Georges Hattab bio photo


Classification Mushroom Data 2020

The Classification Mushroom Data 2020 provides a comprehensive overview of mushroom species, focusing on their physical characteristics and classification as either poisonous or edible.

Classification Mushroom Data 2020

Data Set Description

  • Primary Data: Describes 173 mushroom species, used for simulating hypothetical mushrooms.
  • Secondary Data: Contains 61,069 hypothetical mushrooms for binary classification.
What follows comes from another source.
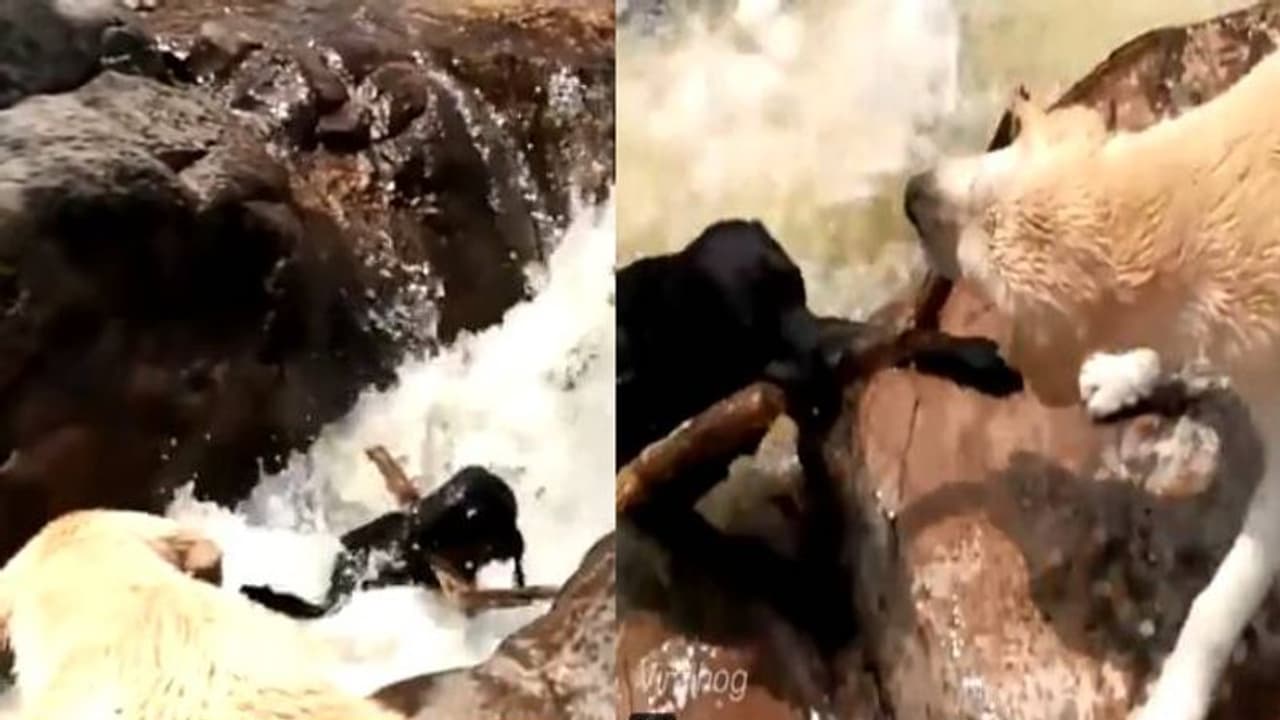 ഇങ്ങനെയാവണമെടാ സുഹൃത്ത്; വെള്ളച്ചാട്ടത്തിൽ കുടുങ്ങി നായ, സുഹൃത്തിനെ വിടാതെ പിടിച്ച് മറ്റൊരു നായ, വീഡിയോ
Source code and data are available for download under CC BY 4.0 Licensing.

Data Set Characteristics

Characteristic Details
Type Multivariate
Number of Instances 173 (Primary), 61,069 (Secondary)
Number of Variables 20
Attribute Characteristics Qualitative and Quantitative
Date Published 15.10.2020
Missing Values Yes (Primary), No (Secondary)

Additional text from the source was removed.